Google is in the process of rolling out major changes to its conversion tracking. You’d best keep up lest you fall behind your competitors.
In this article, I’m going to run through the grocery list of Google Ads conversion updates and clarify what’s important and what’s not. And I’ll provide some examples of where updating can help you achieve better performance.
Default Attribution Model Changing to Data-Driven
Announced but not yet implemented, Google will soon be changing the default attribution model from last-click to data-driven. Data-driven attribution has been around for a couple of years but was always restricted. Previously, only advertisers with at least 200 conversions per month, and more recently 100 conversions per month could activate this model.

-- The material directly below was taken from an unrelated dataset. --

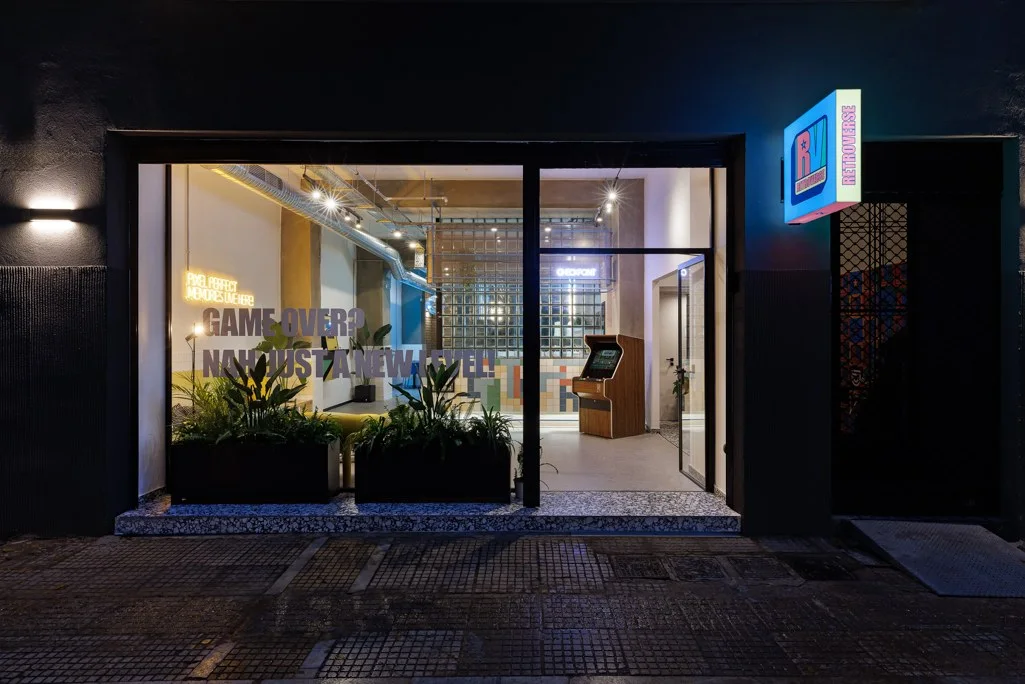 Retroverse exterior entrance signage and window graphics in central Athens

At this point, there’s almost no circumstance to run any model except for data-driven, time-decay, or position-based options. As a reminder, position-based is the best non-data-driven option for growth/scaling while time-decay is best for stable accounts.
But when given the option, you should always be choosing data-driven.

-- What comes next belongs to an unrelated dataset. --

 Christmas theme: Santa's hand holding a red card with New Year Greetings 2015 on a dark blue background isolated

We applaud Google for finally making data-driven available to all advertisers and for making this the default. This will save agencies a lot of time (a) switching up new accounts and (b) educating clients on what attribution models are, how they work, and why the selection is important.

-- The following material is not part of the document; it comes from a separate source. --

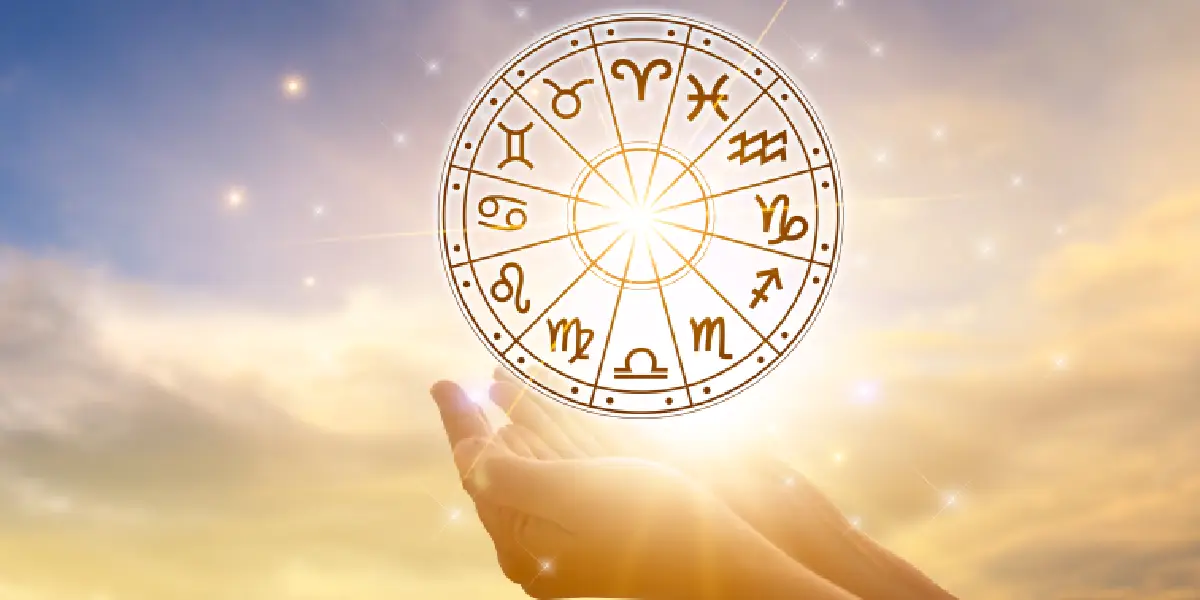 Golden zodiac wheel featuring all 12 astrological signs, glowing against a serene sky, symbolizing the cosmic energy and insights of horoscope predictions for 2025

We highly recommend switching models as soon as this rolls out. Just bear in mind that you should expect to see a short-term decline in performance, especially when switching from last-click. You can mitigate concerns about performance by temporarily monitoring the conversions (by conv. time) KPI.
Enhanced Conversions Beta
Only available to some advertisers so far, enhanced conversions allows Google to anonymously capture personal user information for better tracking accuracy. In other words, you may see more conversions attributed to Google Ads if you implement this. The system works by collecting the following details from your lead generation forms and then hashing it:
- Email address (preferred)
- Name and home address (street address, city, state/region and postcode)
- Phone number (must be provided in addition to one of the other two pieces of information above)
Keep in mind that this only works for signed-in Google users. The enhancement works with Google Ads conversions and requires the global site tag implementation. If you are using Google Analytics tracking you cannot utilize this for now. You will also have to make some updates to your website tracking scripts.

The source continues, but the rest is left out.